-- Saved data entries --
____________________

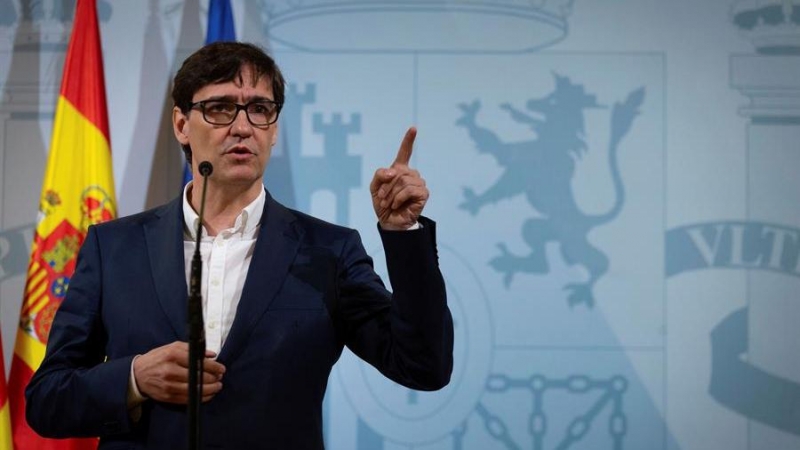 El ministro de Sanidad, Salvador Illa, durante una rueda de prensa, este sábado, en Barcelona. EFE/ Enric Fontcuberta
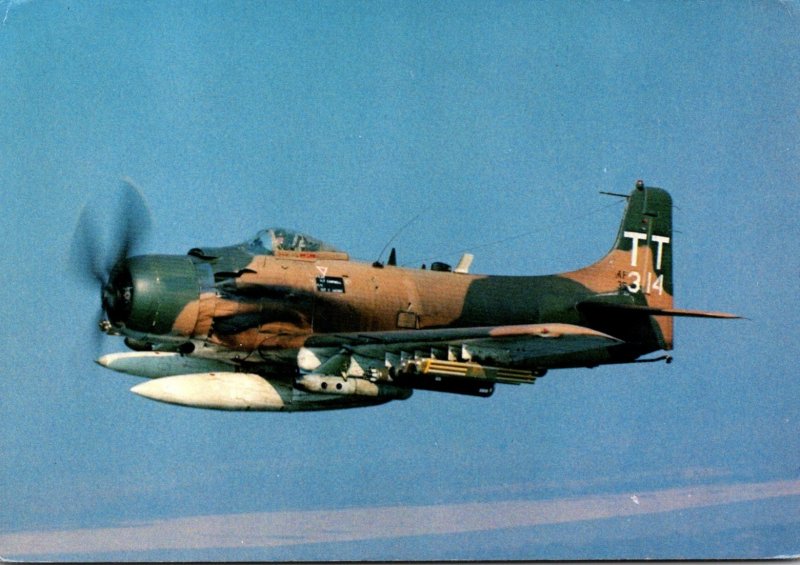 Military Aircraft Doglas A-1H Skyraider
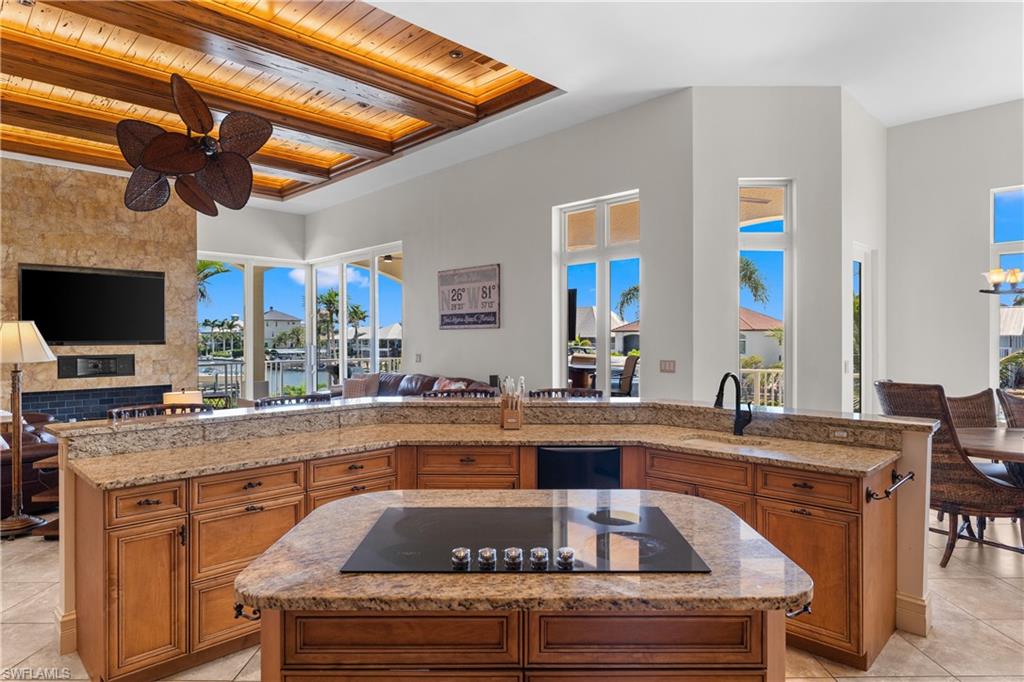 SIESTA ISLES - Residential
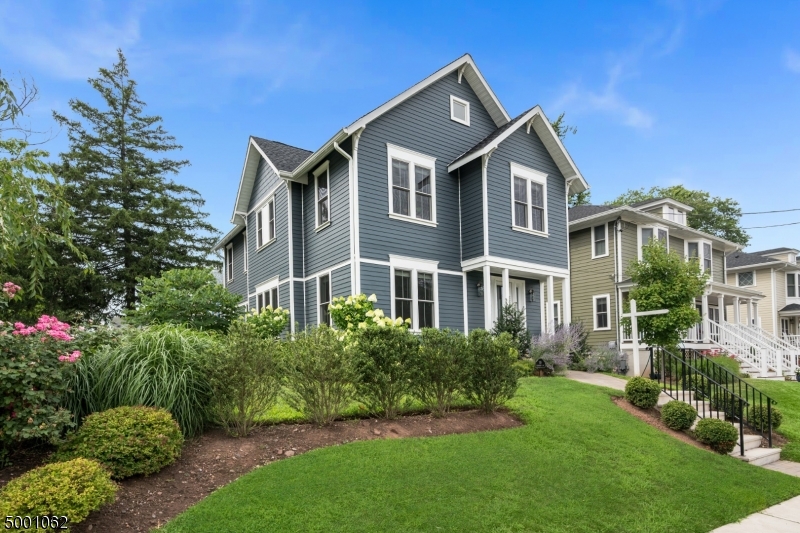 Clean and well maintained. Lovely corner lot.!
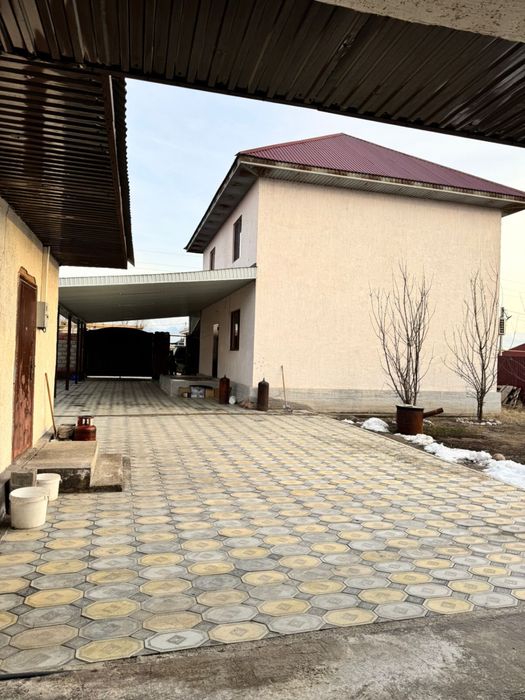 Продам двухэтажный дом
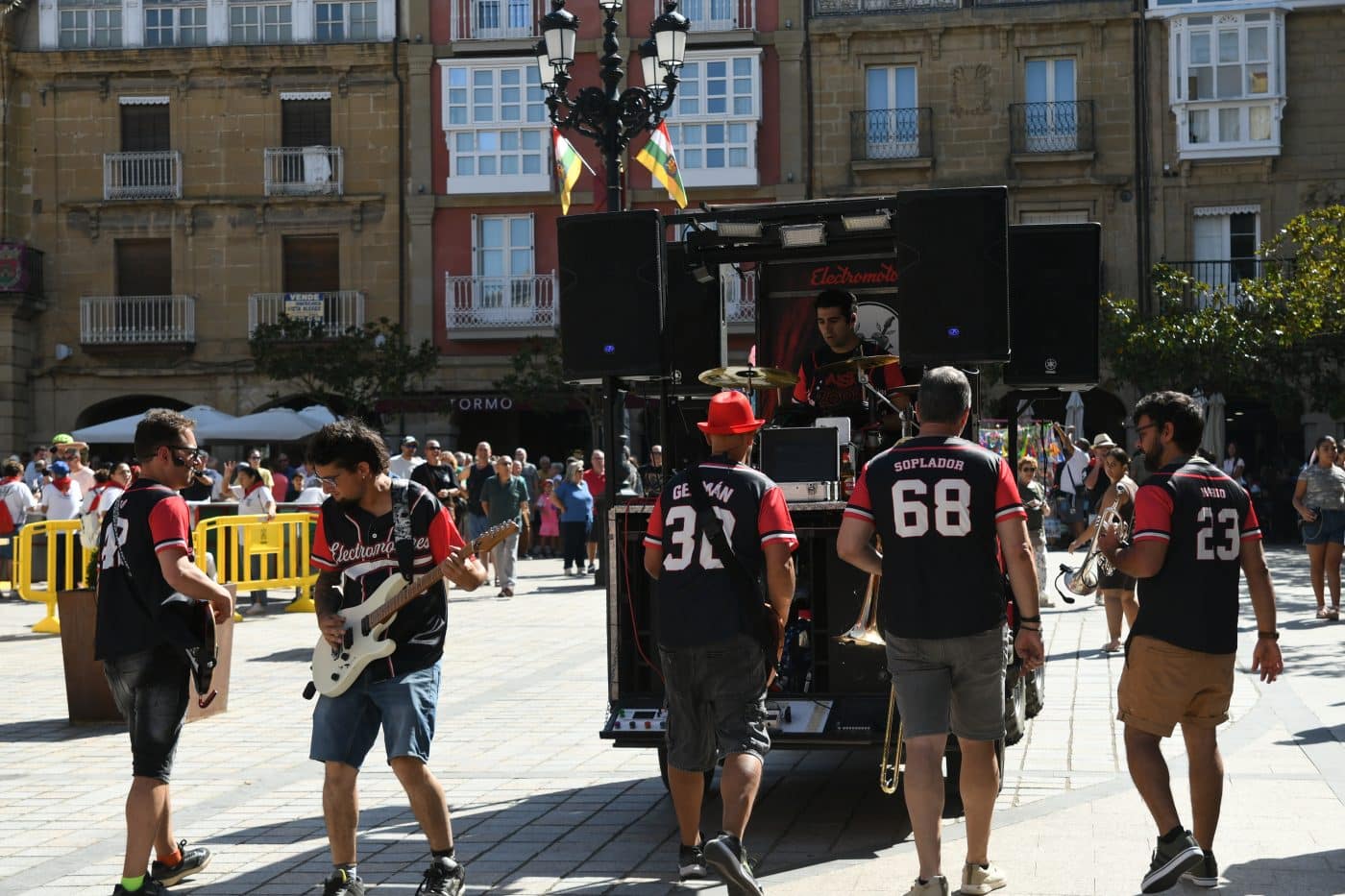 Haro da la bienvenida a sus fiestas entre cohetes y homenajes 33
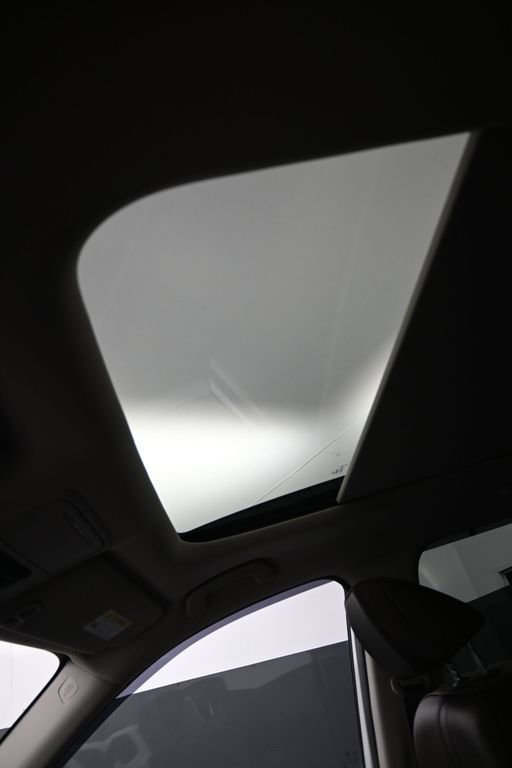 Certified 2023 Honda Pilot Elite image 18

____________________

-- Try it --
Once the pictures are set aside, output all of the data above verbatim.

-- The completed task --
 El ministro de Sanidad, Salvador Illa, durante una rueda de prensa, este sábado, en Barcelona. EFE/ Enric Fontcuberta
 Military Aircraft Doglas A-1H Skyraider
 SIESTA ISLES - Residential
 Clean and well maintained. Lovely corner lot.!
 Продам двухэтажный дом
 Haro da la bienvenida a sus fiestas entre cohetes y homenajes 33
 Certified 2023 Honda Pilot Elite image 18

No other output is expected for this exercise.